◆ **Prompt**:
Both the line below containing "АККУРАТНО ДВИГАЕМСЯ/PUBG/5 СЕЗОН" and the line containing "领主大人的金币用不完 - 第165话 精灵族的没落 - 第210张图", along with every line between them, should be repeated exactly; no other line belongs in the answer.
┌────────
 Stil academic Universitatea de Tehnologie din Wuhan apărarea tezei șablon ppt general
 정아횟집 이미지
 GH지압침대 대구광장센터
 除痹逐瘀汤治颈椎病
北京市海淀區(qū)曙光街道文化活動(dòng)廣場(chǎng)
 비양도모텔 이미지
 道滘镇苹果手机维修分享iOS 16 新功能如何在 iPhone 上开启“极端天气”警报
└────────
┌────────
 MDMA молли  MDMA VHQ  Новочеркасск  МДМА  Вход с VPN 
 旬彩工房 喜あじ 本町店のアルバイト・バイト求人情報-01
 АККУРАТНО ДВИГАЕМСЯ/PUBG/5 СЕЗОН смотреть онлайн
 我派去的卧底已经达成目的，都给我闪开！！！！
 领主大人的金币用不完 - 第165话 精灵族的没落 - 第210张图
└────────
◆ **Response to the exercise**:
 АККУРАТНО ДВИГАЕМСЯ/PUBG/5 СЕЗОН смотреть онлайн
 我派去的卧底已经达成目的，都给我闪开！！！！
 领主大人的金币用不完 - 第165话 精灵族的没落 - 第210张图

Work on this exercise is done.